There’s nothing fake about the laughs at Lip Sync
Story by Jeannette Cruz
Photos by Darryl Webb
GCU News Bureau
No one likes a long line, but Grand Canyon University’s annual Lip Sync talent show proved worth the wait again Wednesday night.
Hundreds of students waited to get into the Arena hours before the show at GCU Arena, where they would watch nine teams lip sync their favorite songs, celebrities and movie clips.
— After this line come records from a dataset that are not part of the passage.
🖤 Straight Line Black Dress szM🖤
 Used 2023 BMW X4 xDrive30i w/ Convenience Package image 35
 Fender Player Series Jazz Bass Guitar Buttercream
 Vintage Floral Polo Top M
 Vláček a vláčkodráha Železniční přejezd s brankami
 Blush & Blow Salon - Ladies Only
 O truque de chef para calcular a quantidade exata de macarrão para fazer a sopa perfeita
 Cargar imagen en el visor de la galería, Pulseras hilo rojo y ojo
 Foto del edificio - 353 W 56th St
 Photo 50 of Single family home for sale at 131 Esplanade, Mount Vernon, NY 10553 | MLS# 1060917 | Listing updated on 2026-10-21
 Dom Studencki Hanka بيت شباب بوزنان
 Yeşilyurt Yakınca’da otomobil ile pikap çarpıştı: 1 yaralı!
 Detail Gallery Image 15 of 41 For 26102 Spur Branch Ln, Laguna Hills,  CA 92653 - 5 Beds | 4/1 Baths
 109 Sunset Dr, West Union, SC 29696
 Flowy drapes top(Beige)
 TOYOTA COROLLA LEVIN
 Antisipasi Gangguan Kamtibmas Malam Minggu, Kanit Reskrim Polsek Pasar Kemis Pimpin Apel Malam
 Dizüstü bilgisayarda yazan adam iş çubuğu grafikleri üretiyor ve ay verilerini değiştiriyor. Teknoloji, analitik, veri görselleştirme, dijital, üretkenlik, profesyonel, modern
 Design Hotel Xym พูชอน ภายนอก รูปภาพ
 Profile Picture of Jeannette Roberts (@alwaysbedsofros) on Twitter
The contestants were Toolbox, ID’s Please, Harambaes, Dream Team, D.R.E.A.M. Club, Terrible Stuntmen, Lope Rangers, Teardrops on Your Guitar and KidzBop Reloaded.
Senior Kia Baikie sat cross-legged next to a group of students eating their dinners in line.
“This is my third year here, and I am here to cheer on my peers,” she said. “GCU is huge on campus life and built around events like this — perfect to take a break from midterms, get crazy and have good fun with friends.”
Senior Darby Day said it’s one of the best events of the year. She and her 15 friends were lined up to hoping to get seats within reach of the stage.
“We love how fun it is,” Day said. “Everyone who is up on the stage gives it their all, and they don’t care what they look like. They’re having fun and that makes it fun for us.”
The line was a clear indicator of what would come that night. The doors opened and the momentum continued with flashing lights, a packed arena and a DJ. Finally, the lights dimmed, the crowd stopped and a countdown began … five … four … three … two … one. Showtime.
Toolbox, last year’s Lip Sync champion, was back for its third year and opened the evening with a quote from the movie “Zoolander” before showing off their electric dance moves. The all-boys team showcased their very own T-shirts, matching flannel shirts, jean shorts and backward hats. And, of course, they made sure they ignited the crowd, especially when they performed to “No Scrubs” by TLC.
Joshua Gallegos, a new member to the team, said the best parts about the experience were the late night practices and a chance to get out of his comfort zone: “We worked so many hours to get to this point, and it took a lot of self-confidence. At the end of the day, we can really say that we’ve created a brotherhood. We trust each other.”
ID’s Please performed a hilarious fitness skit with mats, foam rollers, exercise weights and bands as props.
Harambae dedicated the stage to the 17-year-old male Western Lowland Gorilla (Harambe), who was shot and killed at a Cincinnati Zoo earlier this year. The 10-member crew, sporting all-black suits and sneakers, brought out a piano performance to Adele’s “Someone Like You,” and a Tarzan costume. But it was Harambe’s portrait and graveyard prop that immediately became the talk of the show. They brought the audience to their feet when they held Harambe’s portrait in the air and “I Will Always Love You” by Whitney Houston came on.
Keeping the show going was host and student leader Johnny Van Ommering, who had plenty of fun outfit changes, including a cheer uniform and a mermaid onesie.
D.R.E.A.M. Club, a dance and sorority majorette, came together for the second year to create a strong influence of diversity and female power through performance and dance.
After their performance, Courtney Clarke, founder of the team, emphasized just how hard the team practiced.
“Day and night,” she said to Van Ommering. “I mean, day and night.”
Teardrops on Your Guitar, a Taylor Swift impersonation, was playful and exciting. Lauren Iuliano, a member of the GCU dance team, played a desperate-for-love Swift with a backup dance crew. The performers made the audience scream when a student’s head was used as a podium prop as Iuliano mocked Swift’s Grammy speech, which shed light on her feud with Kanye West.
There was much laughter, dancing and definite talent. Then the teams were narrowed to the top three leaving Dream Team, Harambaes and Toolbox. In the end the Harambaes won the hearts of the crowd. The team was rewarded with the title of “Lip Syncing Champion” and a trophy.
Minutes after their on-stage celebration, Marko Susnjara said he was still in awe.
“This all started as a joke, and our whole goal was to get into the competition. Now we’re just blown away,” he said. “The whole team has been saying we don’t know what we’re going to do with our nights now because we’ve been practicing for the past two months. We’re just ecstatic and give our glory to God. We’ll be back in some shape or form.”
The thing about this event is that it engages community and encourages peer support, said Julia Bates, student activities coordinator.
“It’s easy to see why there’s so much hype around it,” she said. “Students love being a part of it.”